Children exposed to several languages are better at seeing through others’ eyes

From the print edition of The Economist Newspaper

HUMAN beings are not born with the knowledge that others possess minds with different contents. Children develop such a “theory of mind” gradually, and even adults have it only imperfectly. But a study by Samantha Fan and Zoe Liberman at the University of Chicago, published in Psychological Science, finds that bilingual children, and also those simply exposed to another language on a regular basis, have an edge at the business of getting inside others’ minds.

Do you see what I see?

In a simple experiment, Dr Fan and Dr Liberman sat monolingual, bilingual and “exposure” children aged between four and six with a grid of objects placed between them and an experimenter. Some objects were blocked from the experimenter’s sight, a fact the children could clearly see. With a large, a medium and a small car visible to the child, but the small car hidden from the adult, the adult would ask “I see a small car” and ask the child to move it. Both bilingual and those in the exposure group moved the medium-sized car (the smallest the experimenter could see) about 75% of the time, against 50% for the monolinguals. The successful children were less likely even to glance at the car the experimenter could not see.
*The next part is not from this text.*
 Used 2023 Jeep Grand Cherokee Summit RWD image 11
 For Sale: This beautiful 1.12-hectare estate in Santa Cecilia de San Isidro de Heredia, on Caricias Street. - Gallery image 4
This study joins a heap of others suggesting that there are cognitive advantages to being bilingual. Researchers have found that bilinguals have better executive function (control over attention and the planning of complex tasks). Those that suffer dementia begin to do so, on average, almost five years later than monolinguals. Full bilinguals had previously been shown to have better theory-of-mind skills.

But this experiment is the first to demonstrate that such benefits also accrue to those merely exposed to other languages.

It has become fashionable to consider as a kind of elite mental training. The question is not settled, though, for many studies have not been successfully replicated. Nor is it yet clear precisely which kinds of language skills and exposure make people better at exactly which tasks. For example, in Dr Fan’s and Dr Liberman’s experiment the bilingual children had better executive function than the exposure ones, while all three groups had similar vocabularies, fluid intelligence (the ability to reason quickly and think abstractly) and non-verbal visual-spatial skills. This makes it surprising that the exposure group resembled the bilinguals more than the monolinguals when it came to taking the experimenter’s point of view.

If the bilingual advantage is to hold up, more clever research design is needed. Some advantages may accrue only to bilinguals who switch languages often. Some may apply only to those who live in mixed communities. While some advantages, such as lack of dementia, appear late in life, others may appear early only to disappear thereafter. Research on multilingual minds is, itself, still in a kind of adolescence, but it is a promising one.